Is  there any way you can figure volume for MP?
I have to make alot of MP for an upcoming show.
Any help will be appreciated.
I'll be using a large wooden mold.

TIA

chl


----------



## CarmenJean (Sep 8, 2009)

Weigh out 100g of soap, melt it completly in a measuring jug, and make a note of the volume.  You'll be able to work out other volumes from there.

HTH.


----------



## Tabitha (Sep 8, 2009)

You can fill the mold w/ water, pour the water into a measuring bowl & figure it that way.


----------



## llineb (Sep 15, 2009)

Tabitha said:
			
		

> You can fill the mold w/ water, pour the water into a measuring bowl & figure it that way.

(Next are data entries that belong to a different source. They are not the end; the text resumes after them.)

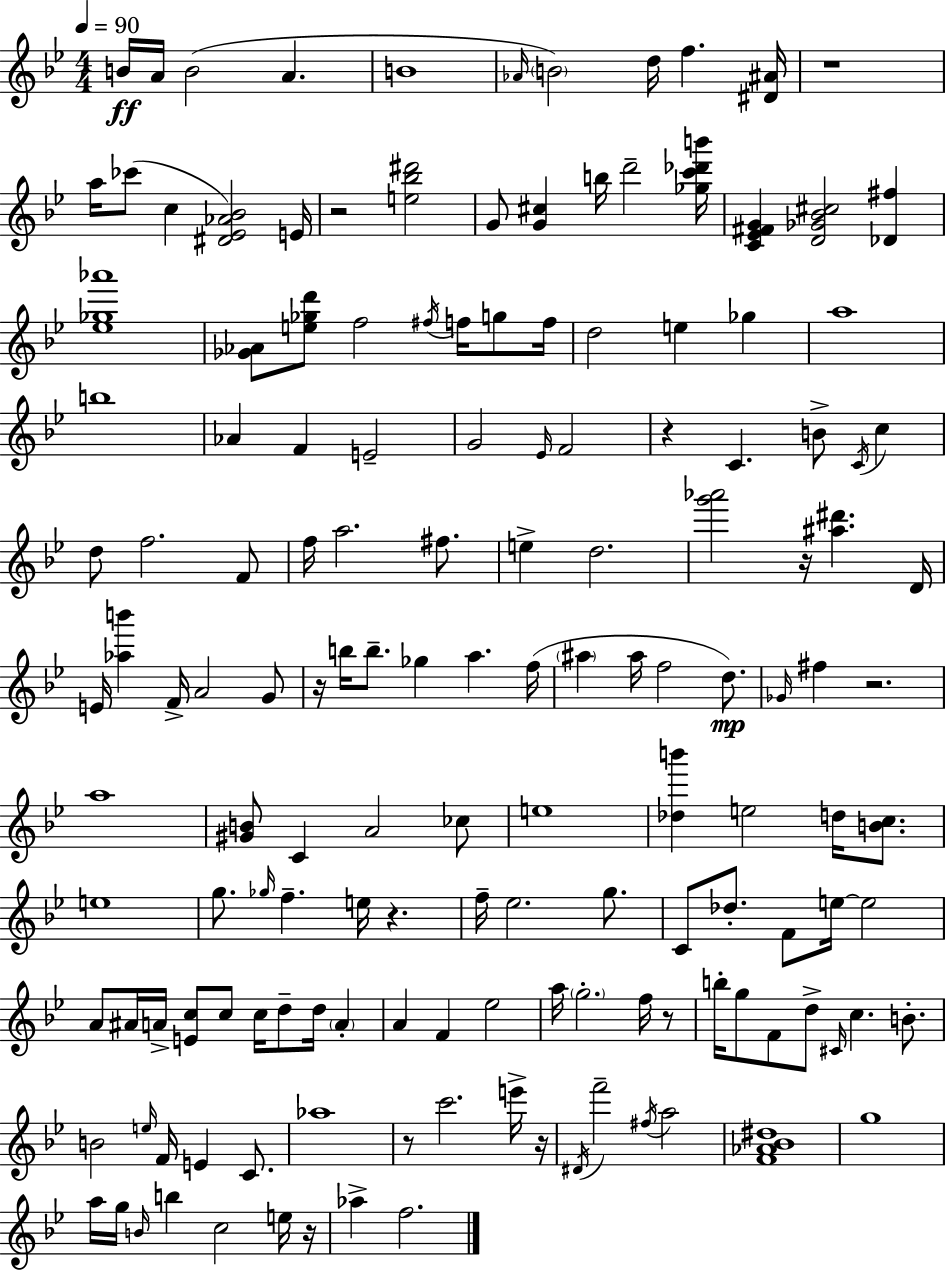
X:1
T:Untitled
M:4/4
L:1/4
K:Bb
B/4 A/4 B2 A B4 _A/4 B2 d/4 f [^D^A]/4 z4 a/4 _c'/2 c [^D_E_A_B]2 E/4 z2 [e_b^d']2 G/2 [G^c] b/4 d'2 [_gc'_d'b']/4 [C_E^FG] [D_G_B^c]2 [_D^f] [_e_g_a']4 [_G_A]/2 [e_gd']/2 f2 ^f/4 f/4 g/2 f/4 d2 e _g a4 b4 _A F E2 G2 _E/4 F2 z C B/2 C/4 c d/2 f2 F/2 f/4 a2 ^f/2 e d2 [g'_a']2 z/4 [^a^d'] D/4 E/4 [_ab'] F/4 A2 G/2 z/4 b/4 b/2 _g a f/4 ^a ^a/4 f2 d/2 _G/4 ^f z2 a4 [^GB]/2 C A2 _c/2 e4 [_db'] e2 d/4 [Bc]/2 e4 g/2 _g/4 f e/4 z f/4 _e2 g/2 C/2 _d/2 F/2 e/4 e2 A/2 ^A/4 A/4 [Ec]/2 c/2 c/4 d/2 d/4 A A F _e2 a/4 g2 f/4 z/2 b/4 g/2 F/2 d/2 ^C/4 c B/2 B2 e/4 F/4 E C/2 _a4 z/2 c'2 e'/4 z/4 ^D/4 f'2 ^f/4 a2 [F_A_B^d]4 g4 a/4 g/4 B/4 b c2 e/4 z/4 _a f2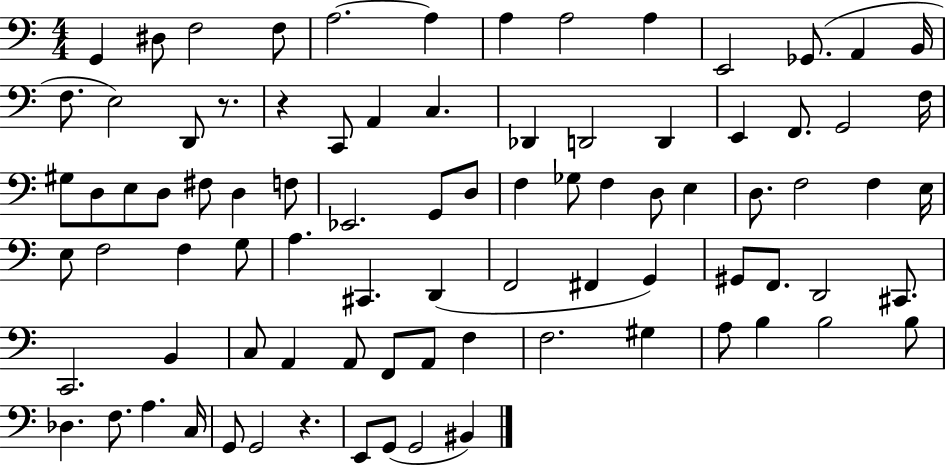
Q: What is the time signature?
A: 4/4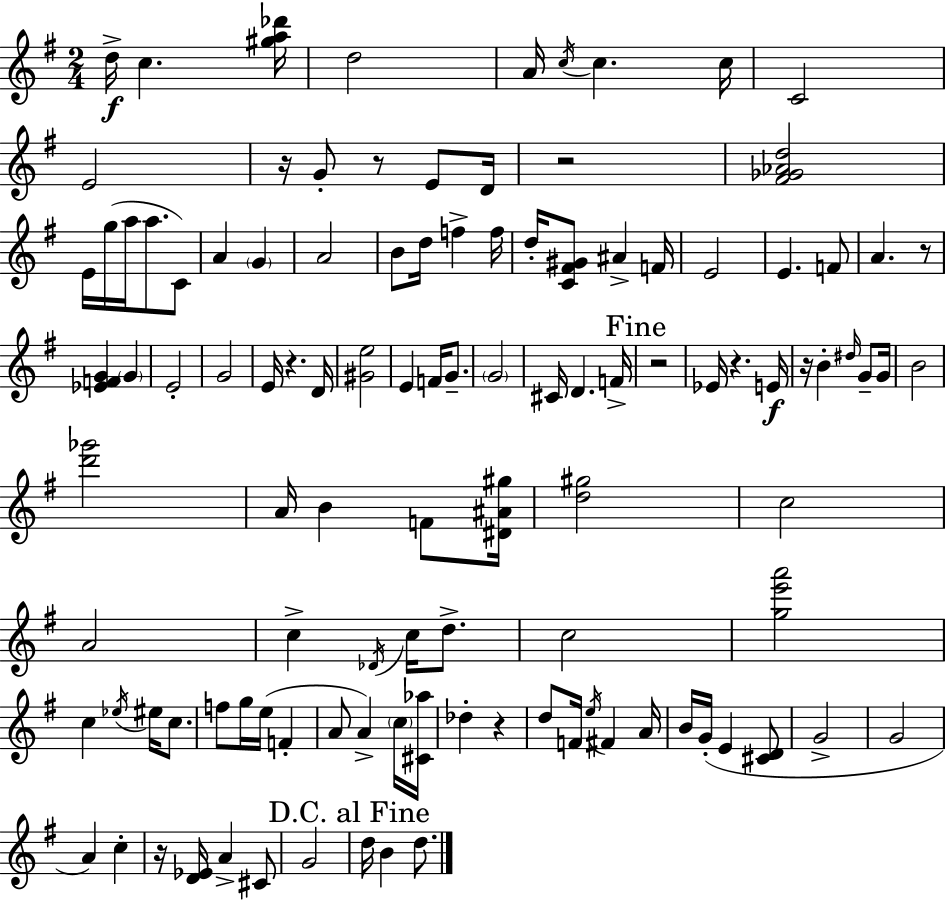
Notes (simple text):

D5/s C5/q. [G#5,A5,Db6]/s D5/h A4/s C5/s C5/q. C5/s C4/h E4/h R/s G4/e R/e E4/e D4/s R/h [F#4,Gb4,Ab4,D5]/h E4/s G5/s A5/s A5/e. C4/e A4/q G4/q A4/h B4/e D5/s F5/q F5/s D5/s [C4,F#4,G#4]/e A#4/q F4/s E4/h E4/q. F4/e A4/q. R/e [Eb4,F4,G4]/q G4/q E4/h G4/h E4/s R/q. D4/s [G#4,E5]/h E4/q F4/s G4/e. G4/h C#4/s D4/q. F4/s R/h Eb4/s R/q. E4/s R/s B4/q D#5/s G4/e G4/s B4/h [D6,Gb6]/h A4/s B4/q F4/e [D#4,A#4,G#5]/s [D5,G#5]/h C5/h A4/h C5/q Db4/s C5/s D5/e. C5/h [G5,E6,A6]/h C5/q Eb5/s EIS5/s C5/e. F5/e G5/s E5/s F4/q A4/e A4/q C5/s [C#4,Ab5]/s Db5/q R/q D5/e F4/s E5/s F#4/q A4/s B4/s G4/s E4/q [C#4,D4]/e G4/h G4/h A4/q C5/q R/s [D4,Eb4]/s A4/q C#4/e G4/h D5/s B4/q D5/e.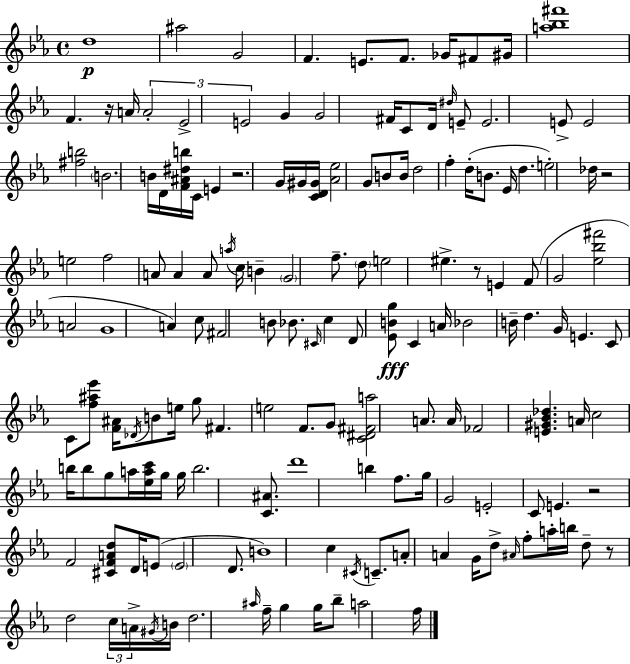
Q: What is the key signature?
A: C minor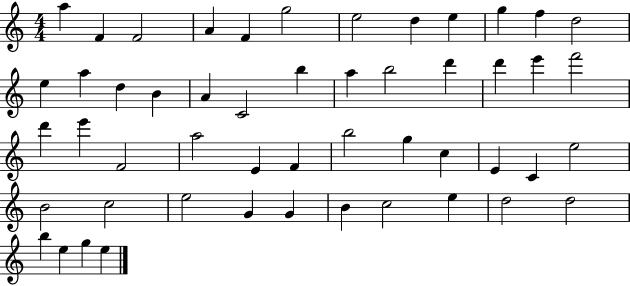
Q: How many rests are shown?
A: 0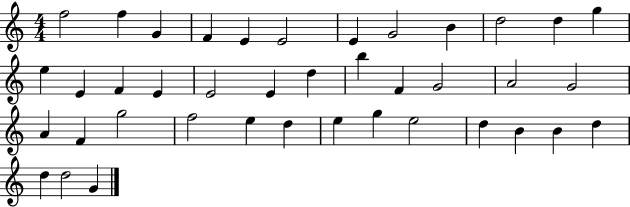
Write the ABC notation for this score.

X:1
T:Untitled
M:4/4
L:1/4
K:C
f2 f G F E E2 E G2 B d2 d g e E F E E2 E d b F G2 A2 G2 A F g2 f2 e d e g e2 d B B d d d2 G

yes, for every 2 cups water you will need a pound of soap.


----------



## kevie192 (Sep 16, 2009)

I usually put the mould on the scales and tare it, then fill the mould with water and note the weight. Times this weight by 1.25 and that's a rough estimate of how much solid M&P base it will take to fill.

Be careful about taking weights when M&P is melted because during the melting process it loses water and, therefore, weight. I use this method because it allows me to get a correct weight from the M&P out of the box.

HTH

Kevin x


----------